Why you can not to use statistics to dispute magic

It is a subtle point that statistical modeling is different than model based science. However, empirical scientists seem to go out of their way to conflate the two before the public (as statistical modeling is easier to perform and model based science is more highly rewarded). It is often claimed that model based science is being done when in fact statistics is what is being done (for instance some of the unfortunate distractions of flawed reports related to the important question of the magnitude of plausible anthropogenic global warming).

Both model based science and statistics are wonderful fields, but it is important to not receive the results of one when you have paid for the other.

We will pointedly discuss one of the differences.First let us define our terms.

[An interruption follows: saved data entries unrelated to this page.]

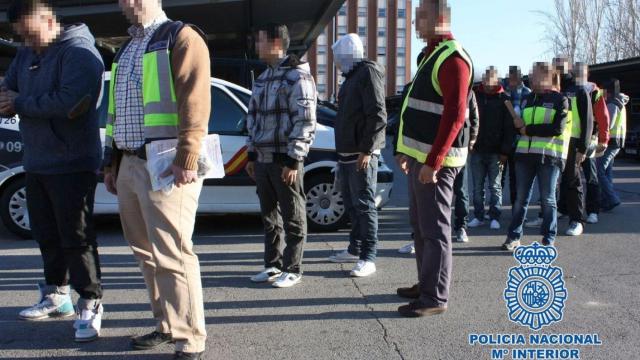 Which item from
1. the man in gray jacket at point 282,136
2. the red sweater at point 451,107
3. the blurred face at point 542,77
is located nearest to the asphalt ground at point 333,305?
the man in gray jacket at point 282,136

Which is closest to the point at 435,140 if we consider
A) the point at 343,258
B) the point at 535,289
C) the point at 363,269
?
the point at 535,289

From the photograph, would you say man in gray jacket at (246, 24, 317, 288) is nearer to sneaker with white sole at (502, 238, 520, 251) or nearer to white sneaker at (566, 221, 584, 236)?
sneaker with white sole at (502, 238, 520, 251)

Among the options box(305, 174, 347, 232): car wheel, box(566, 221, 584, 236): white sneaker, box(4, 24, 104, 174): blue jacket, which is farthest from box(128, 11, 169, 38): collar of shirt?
box(566, 221, 584, 236): white sneaker

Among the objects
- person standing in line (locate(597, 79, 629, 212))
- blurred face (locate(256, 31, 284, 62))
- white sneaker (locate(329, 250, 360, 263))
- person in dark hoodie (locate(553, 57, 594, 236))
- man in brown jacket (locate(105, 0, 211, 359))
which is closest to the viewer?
man in brown jacket (locate(105, 0, 211, 359))

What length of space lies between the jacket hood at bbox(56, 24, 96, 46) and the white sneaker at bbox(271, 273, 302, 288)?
7.50 feet

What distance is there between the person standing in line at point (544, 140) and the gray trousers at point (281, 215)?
247cm

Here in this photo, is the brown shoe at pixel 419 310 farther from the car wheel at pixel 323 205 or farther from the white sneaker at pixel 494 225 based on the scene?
the white sneaker at pixel 494 225

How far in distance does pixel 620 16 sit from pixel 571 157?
32562 mm

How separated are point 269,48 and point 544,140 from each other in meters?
2.93

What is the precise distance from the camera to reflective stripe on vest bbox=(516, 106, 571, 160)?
5.68 metres

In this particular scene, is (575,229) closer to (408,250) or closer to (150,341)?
(408,250)

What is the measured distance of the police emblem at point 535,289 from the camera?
3588mm

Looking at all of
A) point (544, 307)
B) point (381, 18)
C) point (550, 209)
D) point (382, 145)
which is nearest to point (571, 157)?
point (550, 209)

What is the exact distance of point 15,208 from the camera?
6.43 m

I will take “model based science” to essentially mean Popperian Falsifiability (an alternative to positivism). This is roughly: you construct a statement or model and the model is said to only have empirical content if it is in theory possible to “falsify the model.” That is the model must form predictions that are specific enough to potentially be disproved. If you see a single instance of the model being wrong, you say the model is wrong (or at best incomplete). And you are done. Frankly, for all the philosophical sturm und drang this is closest to what is meant by science.

I will take statistical modeling to roughly mean Fisherian Null Hypothesis rejection. This is only one branch of statistics (in addition to Fisher’s methods we also have frequentist and Bayesian methods, in particular see: Controversies in the foundations of statistics, Bradley Efron, Amer. Math. Mon. 85, 231-246, 1978) but it is closest to what is actually performed in statistical studies.

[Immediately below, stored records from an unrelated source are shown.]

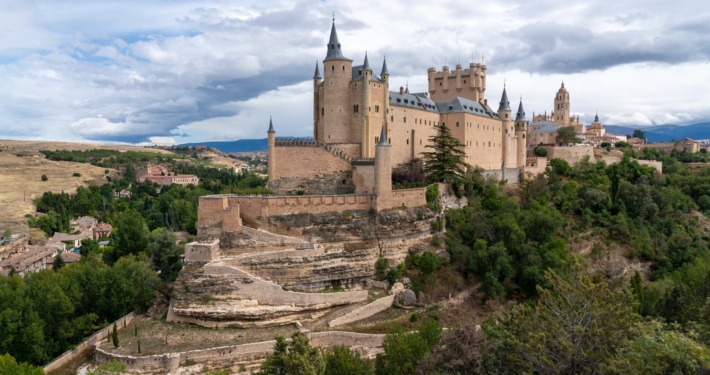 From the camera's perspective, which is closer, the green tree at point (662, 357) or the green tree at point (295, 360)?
the green tree at point (662, 357)

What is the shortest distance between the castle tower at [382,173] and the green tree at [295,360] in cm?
1832

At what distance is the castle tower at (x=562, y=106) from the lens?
95750 mm

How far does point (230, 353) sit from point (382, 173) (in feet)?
60.5

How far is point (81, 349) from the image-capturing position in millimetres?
31688

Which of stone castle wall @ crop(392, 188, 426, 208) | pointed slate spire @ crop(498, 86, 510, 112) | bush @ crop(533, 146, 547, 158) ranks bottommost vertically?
stone castle wall @ crop(392, 188, 426, 208)

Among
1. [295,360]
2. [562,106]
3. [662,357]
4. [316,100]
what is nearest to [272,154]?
[316,100]

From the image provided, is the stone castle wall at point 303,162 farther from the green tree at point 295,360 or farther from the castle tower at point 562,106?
the castle tower at point 562,106

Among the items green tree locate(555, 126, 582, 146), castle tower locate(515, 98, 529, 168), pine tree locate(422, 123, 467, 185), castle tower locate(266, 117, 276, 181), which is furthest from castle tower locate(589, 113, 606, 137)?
castle tower locate(266, 117, 276, 181)

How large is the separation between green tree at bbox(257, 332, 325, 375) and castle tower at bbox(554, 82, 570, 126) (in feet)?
282

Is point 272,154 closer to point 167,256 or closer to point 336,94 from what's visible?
point 336,94

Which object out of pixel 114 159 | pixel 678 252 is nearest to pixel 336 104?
pixel 678 252

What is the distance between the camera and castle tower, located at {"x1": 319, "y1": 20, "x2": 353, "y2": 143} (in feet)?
149

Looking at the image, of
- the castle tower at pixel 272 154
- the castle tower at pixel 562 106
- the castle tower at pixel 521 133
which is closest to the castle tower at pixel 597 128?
the castle tower at pixel 562 106

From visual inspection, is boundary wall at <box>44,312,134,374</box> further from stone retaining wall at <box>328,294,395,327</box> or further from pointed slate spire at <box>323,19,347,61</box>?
pointed slate spire at <box>323,19,347,61</box> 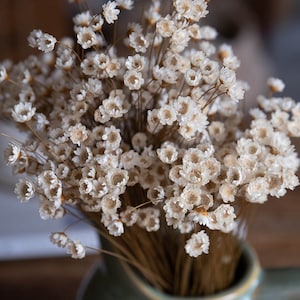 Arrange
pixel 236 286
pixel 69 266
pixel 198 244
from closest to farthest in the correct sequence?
pixel 198 244
pixel 236 286
pixel 69 266

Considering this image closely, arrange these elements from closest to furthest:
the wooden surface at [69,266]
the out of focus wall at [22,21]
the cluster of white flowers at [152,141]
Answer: the cluster of white flowers at [152,141], the wooden surface at [69,266], the out of focus wall at [22,21]

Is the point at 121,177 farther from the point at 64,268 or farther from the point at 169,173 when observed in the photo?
the point at 64,268

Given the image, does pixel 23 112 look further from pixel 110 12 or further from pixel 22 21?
pixel 22 21

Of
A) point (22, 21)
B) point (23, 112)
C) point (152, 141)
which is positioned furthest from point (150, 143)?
point (22, 21)

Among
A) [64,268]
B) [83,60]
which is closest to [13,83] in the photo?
[83,60]

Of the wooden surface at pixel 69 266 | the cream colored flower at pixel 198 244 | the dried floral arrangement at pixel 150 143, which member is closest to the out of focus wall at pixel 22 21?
the wooden surface at pixel 69 266

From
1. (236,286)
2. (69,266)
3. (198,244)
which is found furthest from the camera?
(69,266)

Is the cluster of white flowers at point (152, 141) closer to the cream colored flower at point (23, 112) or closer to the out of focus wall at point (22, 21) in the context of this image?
the cream colored flower at point (23, 112) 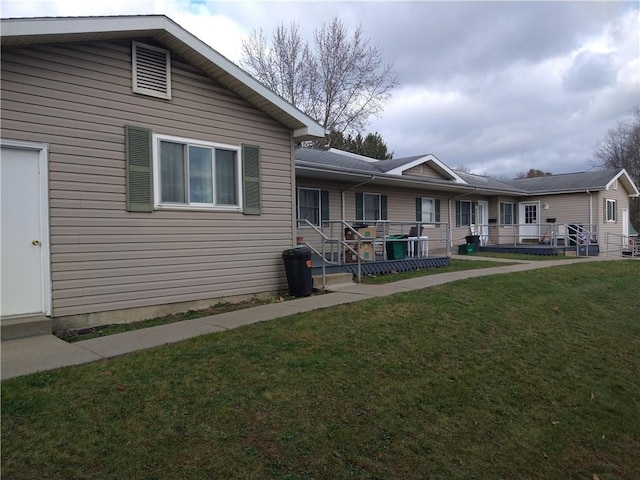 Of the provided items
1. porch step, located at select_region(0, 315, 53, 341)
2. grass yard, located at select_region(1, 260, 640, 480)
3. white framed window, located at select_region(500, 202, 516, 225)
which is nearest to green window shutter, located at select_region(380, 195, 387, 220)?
grass yard, located at select_region(1, 260, 640, 480)

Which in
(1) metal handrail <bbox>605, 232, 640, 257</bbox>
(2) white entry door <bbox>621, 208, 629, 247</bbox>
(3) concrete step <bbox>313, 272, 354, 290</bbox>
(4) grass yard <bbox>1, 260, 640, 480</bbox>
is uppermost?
(2) white entry door <bbox>621, 208, 629, 247</bbox>

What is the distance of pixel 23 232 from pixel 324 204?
8.86m

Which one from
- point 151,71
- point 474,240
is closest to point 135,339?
point 151,71

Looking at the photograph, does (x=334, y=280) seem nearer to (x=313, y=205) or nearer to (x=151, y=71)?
(x=313, y=205)

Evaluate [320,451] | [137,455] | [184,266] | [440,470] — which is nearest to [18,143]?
[184,266]

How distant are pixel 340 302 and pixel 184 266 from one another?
2658mm

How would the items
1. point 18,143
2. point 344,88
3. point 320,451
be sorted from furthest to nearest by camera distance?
1. point 344,88
2. point 18,143
3. point 320,451

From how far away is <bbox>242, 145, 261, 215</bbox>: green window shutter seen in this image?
28.1ft

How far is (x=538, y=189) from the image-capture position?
24.6 m

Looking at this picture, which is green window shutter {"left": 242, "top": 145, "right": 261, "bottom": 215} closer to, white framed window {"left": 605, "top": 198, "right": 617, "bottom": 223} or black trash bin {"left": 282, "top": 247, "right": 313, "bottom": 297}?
black trash bin {"left": 282, "top": 247, "right": 313, "bottom": 297}

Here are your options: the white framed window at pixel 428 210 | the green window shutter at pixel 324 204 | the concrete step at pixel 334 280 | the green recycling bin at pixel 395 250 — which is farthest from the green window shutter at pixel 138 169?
the white framed window at pixel 428 210

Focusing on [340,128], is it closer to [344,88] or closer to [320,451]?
[344,88]

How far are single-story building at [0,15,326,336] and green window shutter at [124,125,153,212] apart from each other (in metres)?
0.02

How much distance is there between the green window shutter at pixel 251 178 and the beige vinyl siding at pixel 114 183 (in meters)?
0.15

You can see the two methods sound very similar- they both emphasize rejection of a hypothesis. But this is deceptive. In the case of Popperian falsifiability you are essentially holding on to a hypothesis that you believe, but are very willing to give it up (one wrong prediction and it is out). In the case of Fisherian rejection you don’t believe the null hypothesis, but you are holding back rejection until you collect enough data to get rid of it.

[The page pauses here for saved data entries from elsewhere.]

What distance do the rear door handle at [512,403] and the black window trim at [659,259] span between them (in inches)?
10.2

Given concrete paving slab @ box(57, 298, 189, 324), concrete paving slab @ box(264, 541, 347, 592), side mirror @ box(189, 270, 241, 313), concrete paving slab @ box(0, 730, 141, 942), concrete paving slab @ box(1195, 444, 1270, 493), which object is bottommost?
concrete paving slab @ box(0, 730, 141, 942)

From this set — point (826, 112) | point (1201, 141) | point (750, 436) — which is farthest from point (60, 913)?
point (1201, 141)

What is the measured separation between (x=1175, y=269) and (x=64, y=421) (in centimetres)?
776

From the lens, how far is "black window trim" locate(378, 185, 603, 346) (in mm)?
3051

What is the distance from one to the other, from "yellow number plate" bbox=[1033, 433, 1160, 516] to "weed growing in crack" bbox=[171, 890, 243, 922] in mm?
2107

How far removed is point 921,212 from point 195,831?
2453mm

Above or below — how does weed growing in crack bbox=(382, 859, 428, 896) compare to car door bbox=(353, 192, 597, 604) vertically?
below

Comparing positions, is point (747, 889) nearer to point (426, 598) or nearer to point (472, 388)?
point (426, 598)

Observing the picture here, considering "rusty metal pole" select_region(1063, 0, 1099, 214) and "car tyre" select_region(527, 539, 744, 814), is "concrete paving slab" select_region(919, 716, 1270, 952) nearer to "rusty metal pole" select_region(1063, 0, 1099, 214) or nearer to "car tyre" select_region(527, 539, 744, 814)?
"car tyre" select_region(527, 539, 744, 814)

Let us go over that again.

In the falsifiable or model based science regime: a theory or model would be a proscriptive set of guidelines or laws that allows you to build things (like tall skyscrapers). If ever one of your skyscrapers unexpectedly falls, you know your theory is wrong and you revise. Rejection is quick. But essentially you honestly believed the theory while you were using it. You were on its side and to counter this bias you agree to reject the theory on first failure.

In the statistical regime you never believed the null hypothesis. It is a stand-in you are trying to find a lot of evidence against to embarrass out of existence. Because you know you are against the null hypothesis you do two things try and mitigate your bias against the null hypothesis: you operationally presume it is true during reasoning and you don’t reject it until there is a lot of evidence against it.

To sum up in model based science you believe the model and are confident it can’t be toppled easily (so you don’t defend it as it you are confident it will survive) in statistics you doubt the null hypothesis and you give it every chance to survive (because you are sure that it will not survive).

Now that I have stated my premises let us move on the field I intended to criticize: paranormal powers.

To be deliberately rude: if you are investigating something that does not have a proposed mechanism that you are willing to test and reject you are not doing model based science. And by definition the paranormal is outside of current scientific explanation. It was too much to hope that we were doing model based science in this case (the appearance is deliberately that of science instead of statistics, but our science friends won’t help us call this out as they are often profiting from the same confusion). So you are doing statistics (and there is nothing wrong with that). But if you are doing statistics what is your null hypothesis?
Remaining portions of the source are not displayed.